=== Given information ===
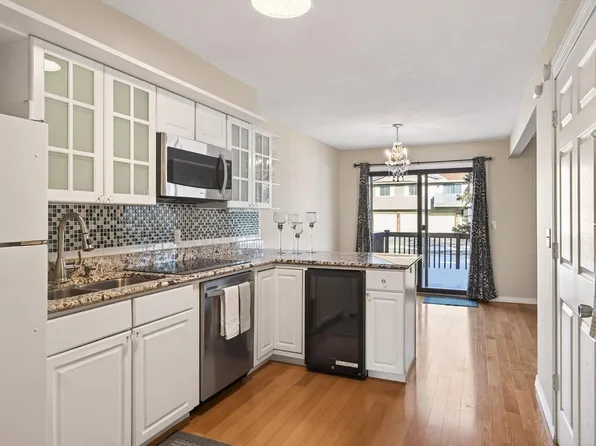 3287 Arcade St S, Saint Paul, MN 55127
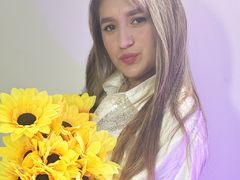 MarieTrinca - blond female with  big tits webcam at LiveJasmin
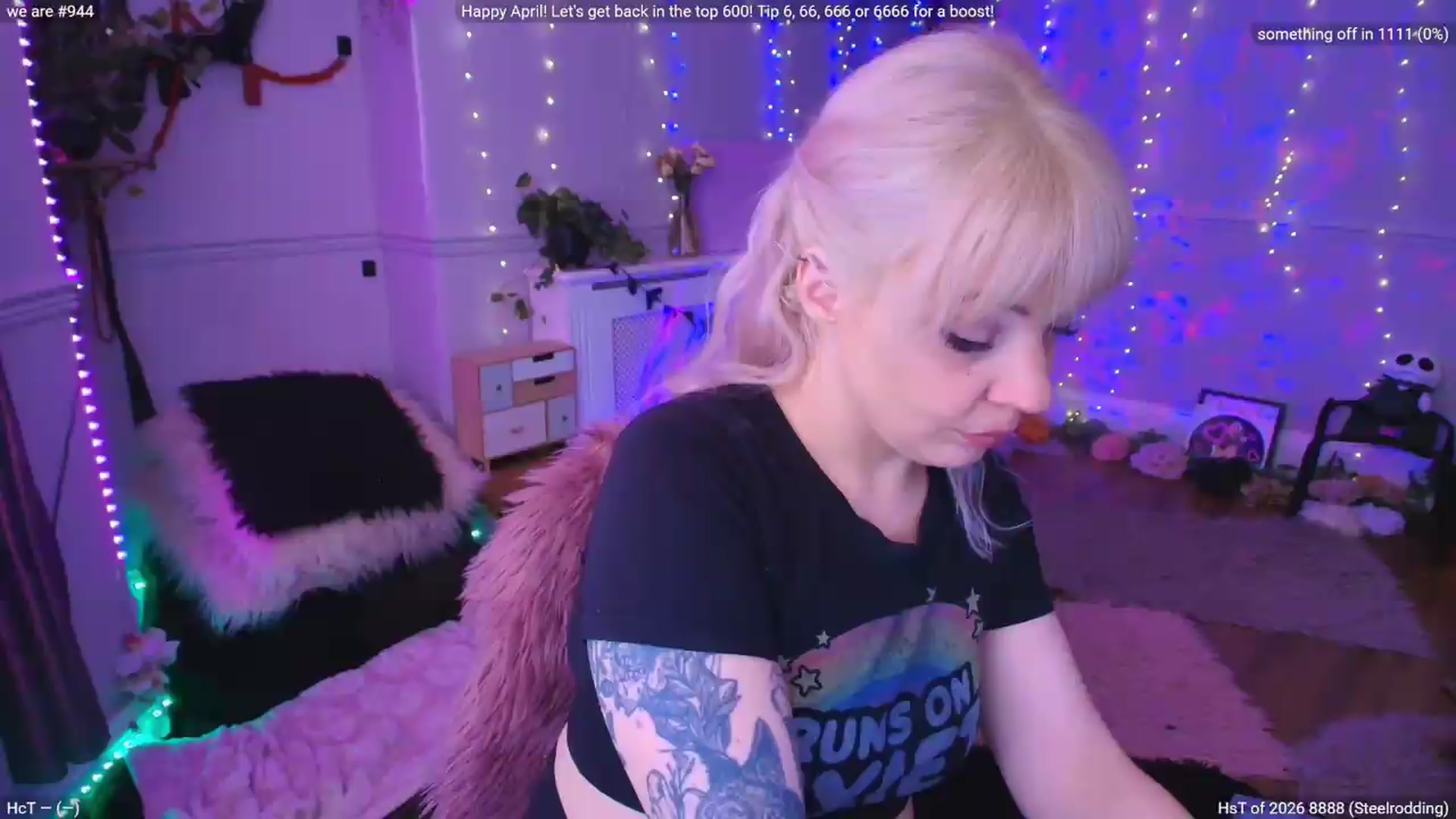 Gallery image thumbnail from LunaWolfie's myfreecams stream on, 04/30/2026, 16:42 image 18 of 20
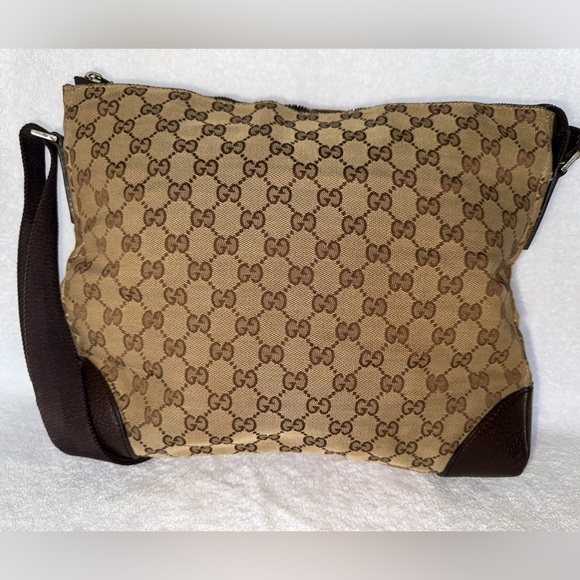 Gucci Vintage Monogram Flat Messenger Bag, Unisex. - Picture 2 of 15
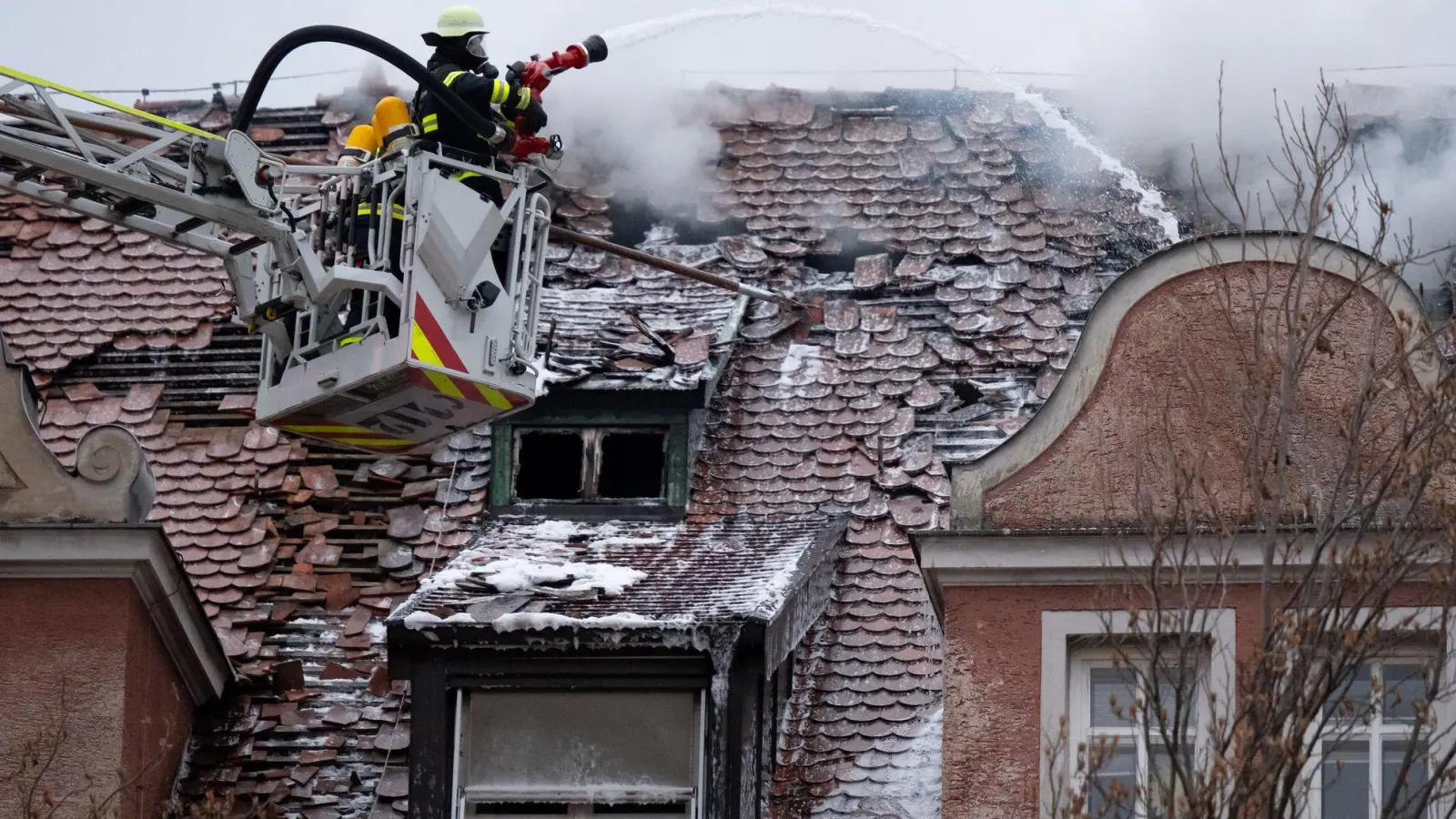 60 Menschen sind aus dem betroffenen Gebäude gebracht worden. (Foto: Sven Hoppe/dpa)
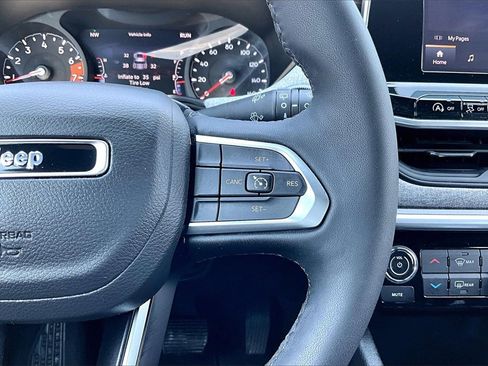 Used 2025 Jeep Compass Latitude image 11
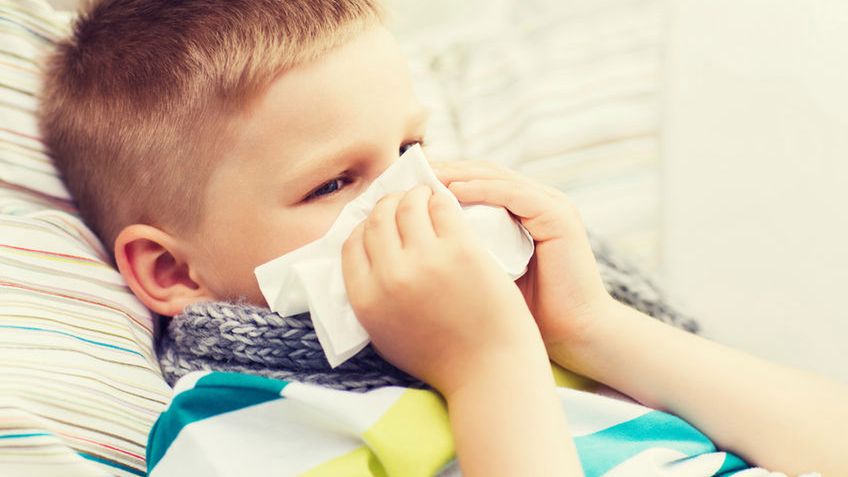 Z katarem do przedszkola - według niektórych rodziców to powinno być normą.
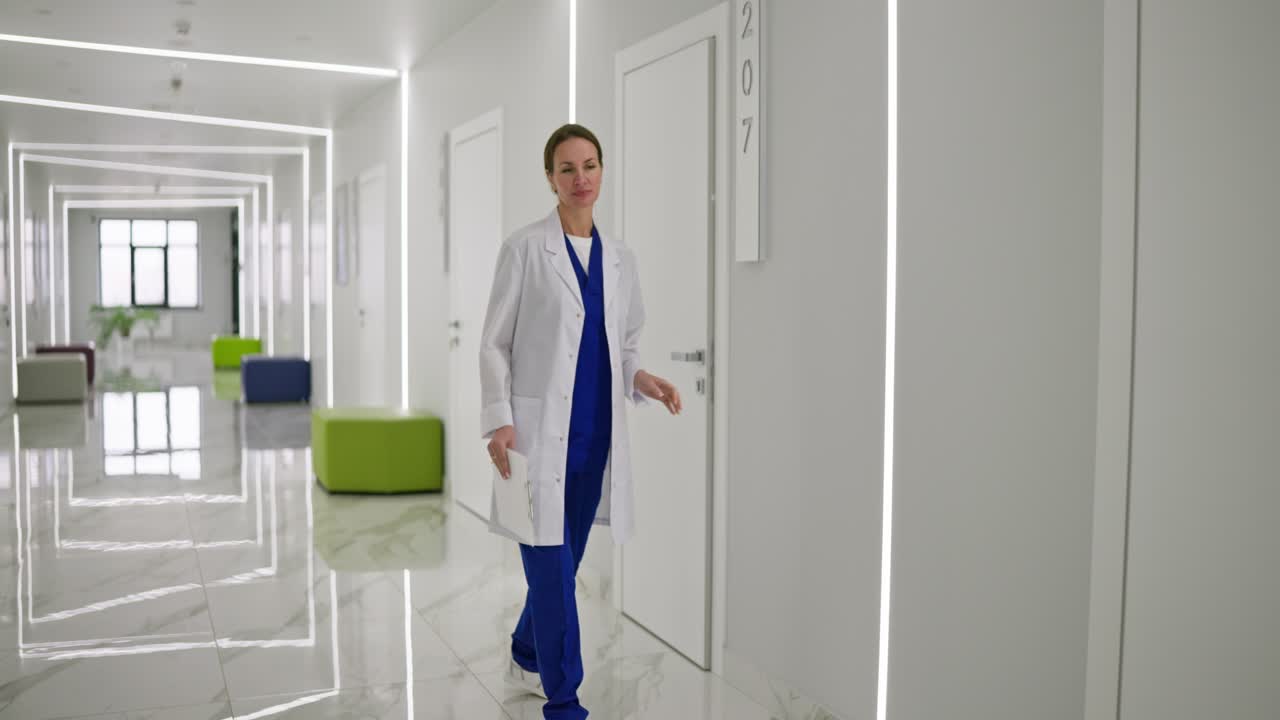 Médico caminhando por um corredor de hospital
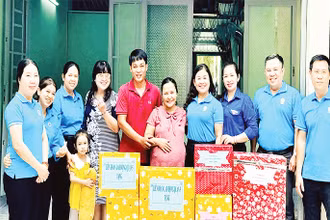 Liên đoàn Lao động Quận 5 trao tặng "Mái ấm công đoàn" cho gia đình đoàn viên có hoàn cảnh khó khăn.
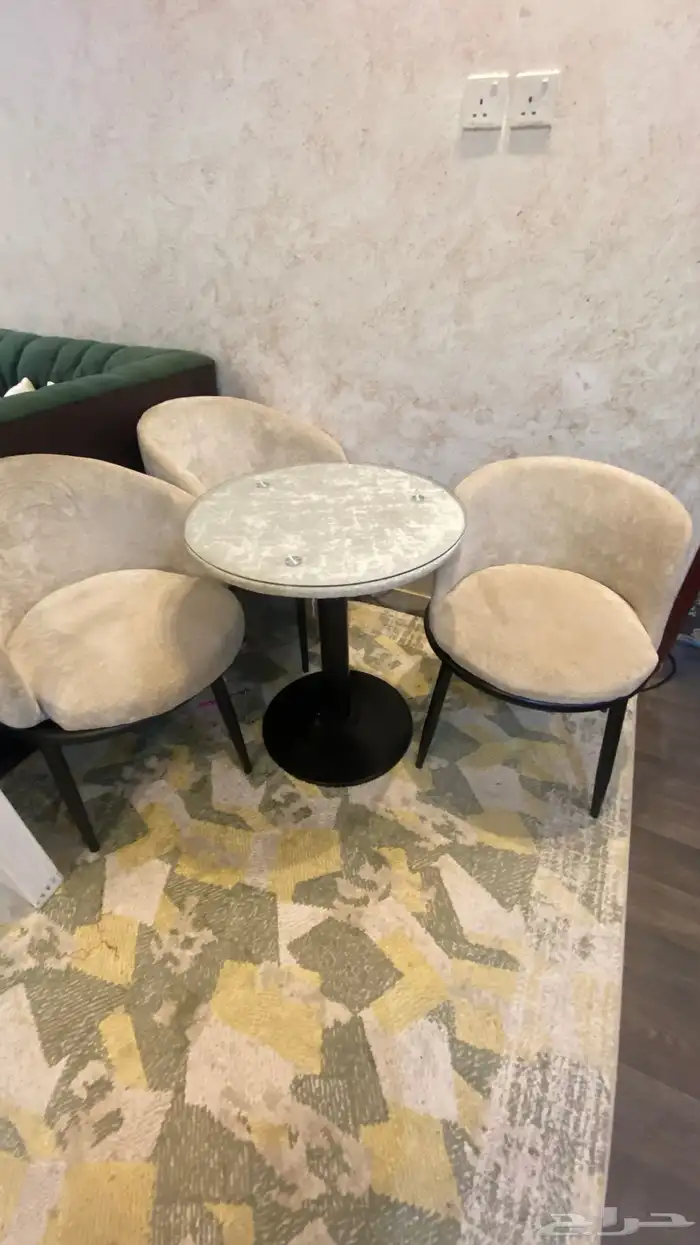 طاوله مع 4كراسي 0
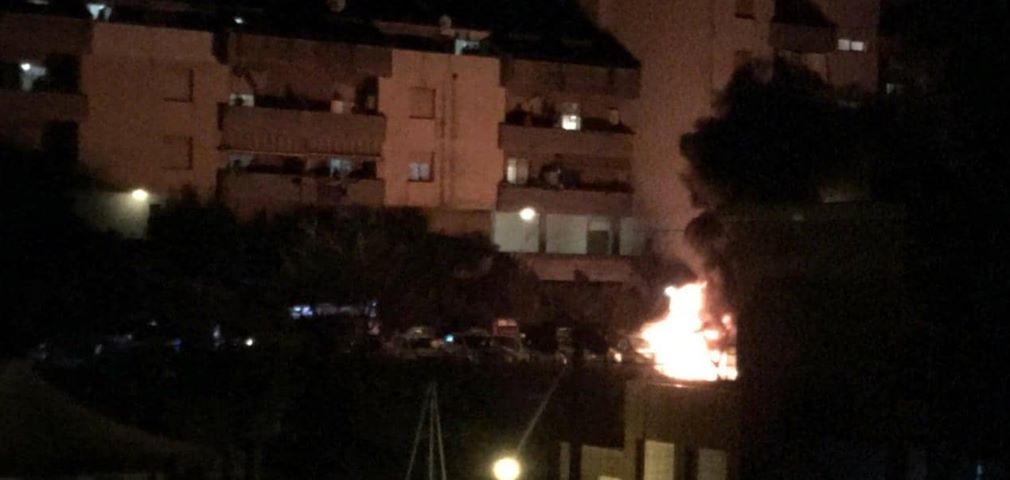 Bruciano nella notte due auto e un furgone a Lavagna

=== What you need to do ===
The lines from the one containing "Gucci Vintage Monogram" through the last line above are to be repeated exactly, and only those. Any pictures must be left out.

=== Answer area ===
 Gucci Vintage Monogram Flat Messenger Bag, Unisex. - Picture 2 of 15
 60 Menschen sind aus dem betroffenen Gebäude gebracht worden. (Foto: Sven Hoppe/dpa)
 Used 2025 Jeep Compass Latitude image 11
 Z katarem do przedszkola - według niektórych rodziców to powinno być normą.
 Médico caminhando por um corredor de hospital
 Liên đoàn Lao động Quận 5 trao tặng "Mái ấm công đoàn" cho gia đình đoàn viên có hoàn cảnh khó khăn.
 طاوله مع 4كراسي 0
 Bruciano nella notte due auto e un furgone a Lavagna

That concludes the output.